Our cash position and future liquidity has been further enhanced
by the following:
- In fiscal 2017, we recorded a non-recurring tax benefit of
approximately $48.2 million related to the worthlessness of
ISC's investment in Motorsports Authentics. As a result, our cash
position improved approximately $24.6 million as of fiscal
2017. In the second quarter of fiscal 2018, we received a refund of
estimated payments made during 2017 of approximately $19.8 million.
The balance of approximately $3.8 million will be received in
subsequent periods.
- In December 2017, Congress passed the Tax Cut and Jobs Act
("Tax Act"). We expect the Tax Act to favorably impact our future
liquidity, primarily a result of the lower single corporate tax
rate from 35.0 percent to 21.0 percent, which will lower our
effective tax rate and annual tax liability. Additionally, Tax
Reform provides for 100.0 percent expensing of certain capital
investments through 2022. We will continue to evaluate the details
of Tax Act and the impact on ISC.
We will continue to explore development and/or acquisition
opportunities beyond the initiatives discussed above that build
shareholder value and exceed our weighted average cost of capital.
Should additional development and/or acquisitions be pursued, we
will provide discrete information on timing, scope, cost and
expected returns of such opportunities.
The aforementioned represents certain components of our capital
allocation plan for fiscal 2017 and beyond. This capital allocation
plan is reviewed annually, or more frequently, if necessary, based
on changes in business conditions.
Capital Expenditures
An important strategy for our future growth will come from
investing in our major motorsports facilities to enhance the live
event experience and better enable us to effectively compete with
other entertainment venues for consumer and corporate spending. To
better meet our customers' expectations, we are committed to
improving the guest experience at our facilities through on-going
capital improvements that position us for long-term growth.
Capital expenditures for projects, including those related to
The ISM Raceway Project and ONE DAYTONA, were approximately
$65.0 million for the six months ended May 31, 2018. In
comparison, we spent approximately $40.6 million on capital
expenditures for projects for the same period in fiscal 2017. For
fiscal 2018, we expect capital expenditures associated with the
aforementioned capital allocation plan to range between
approximately $120.0 million and $130.0 million for existing
facilities, including ISM Raceway and Richmond Raceway projects,
and an additional approximate $20.0 million in capital
expenditures related to construction for ONE DAYTONA, excluding the
receipt of public incentives (see "ONE DAYTONA").

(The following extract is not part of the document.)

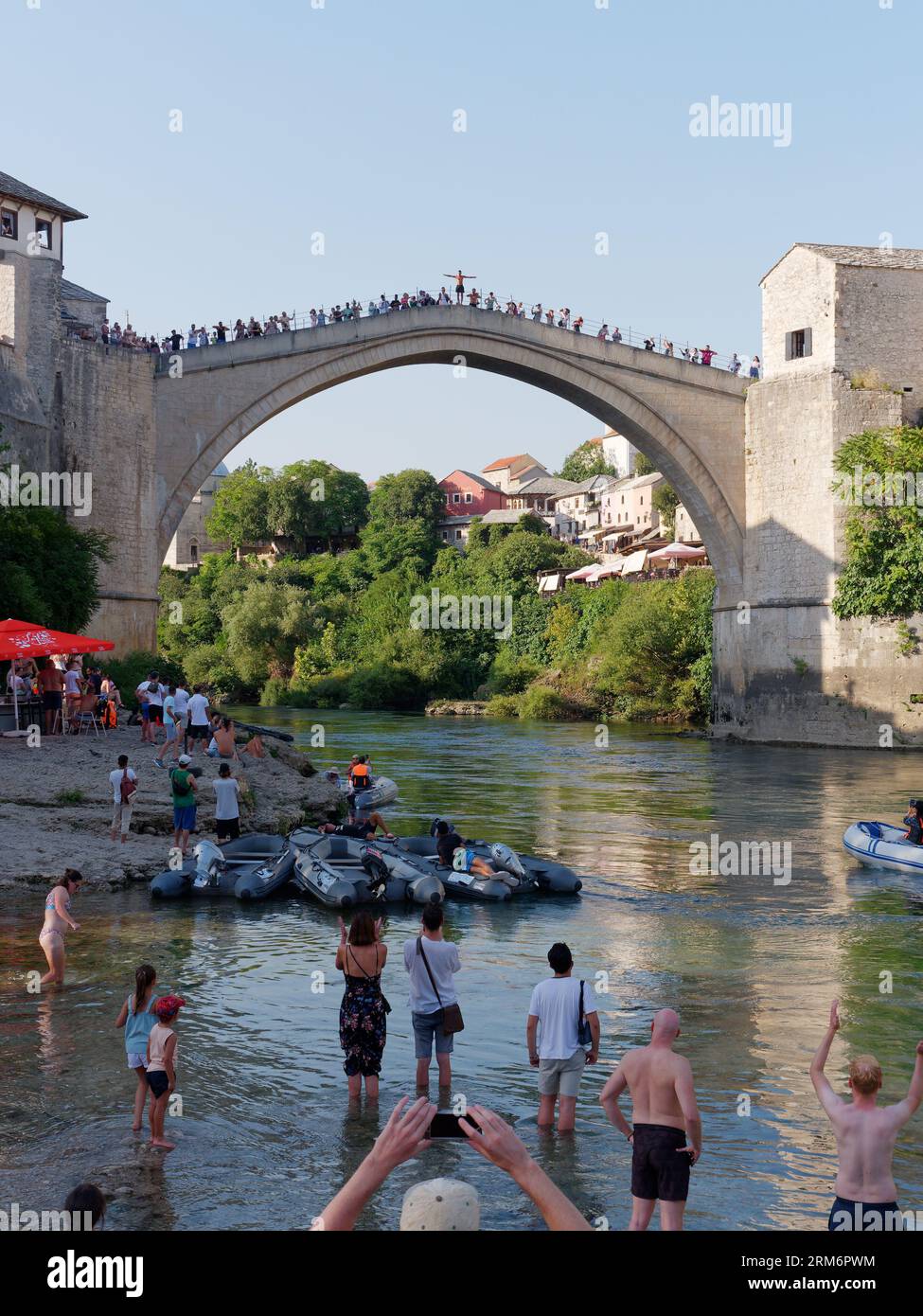 Quelqu'un se prépare à sauter de Stari Most (Vieux Pont) C'est un rite de passage à Mostar, Bosnie-Herzégovine, le 25 août 2023. Banque D'Images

We review the capital expenditure program periodically and
modify it as required to meet current business needs.
ONE DAYTONA
Since June 2013, we have pursued development of ONE DAYTONA, a
premier mixed-use and entertainment destination across from Daytona
International Speedway, which has crafted a strategy that will
create synergy with Daytona International Speedway, enhance
customer and partner experiences, monetize real estate on
International Speedway Blvd. and leverage our real estate on a
year-round basis. Complementing ONE DAYTONA is the retail property
adjacent to the development, known as the Shoppes at ONE
DAYTONA.
We have approved land use entitlements for ONE DAYTONA to allow
for up to 1.4 million square feet of
retail/dining/entertainment, a 2,500-seat movie theater, 660 hotel
rooms, 1,350 residential units, 567,000 square feet of
additional office space and 500,000 square feet of
commercial/industrial space.
In March 2015, we announced Legacy Development, a leading
national development group, as development consultant for ONE
DAYTONA. Intensely focused on innovative destination retail and
mixed-use projects, Legacy Development ("Legacy") is working
closely with ISC’s development staff on the project. Legacy's
development team is a natural fit for the project, having served as
the developer for Legends Outlets Kansas City, a mixed-use retail
destination across from our Kansas Speedway.
The design for the first phase of ONE DAYTONA is comprised of
three components: retail, dining and entertainment (“RD&E”);
hotels; and residential.
The RD&E component of phase one is owned 100.0 percent by
us. The expected total square footage for the RD&E first phase
is approximately 300,000 square feet. We expect cash spent to be
approximately $95.0 million in fiscal 2016 through 2019 on the
RD&E component of ONE DAYTONA’s first phase. Other sources of
funding towards the overall ONE DAYTONA project will include the
public incentives discussed below and land contributed to the joint
ventures associated with the project. In September 2016, we
announced VCC had been selected as general contractor to oversee
construction of the RD&E component of phase one including
Victory Circle and the parking garage. VCC has an outstanding
national reputation for quality and a proven track record leading
and managing the development and construction of some of the
country’s most engaging mixed-use developments.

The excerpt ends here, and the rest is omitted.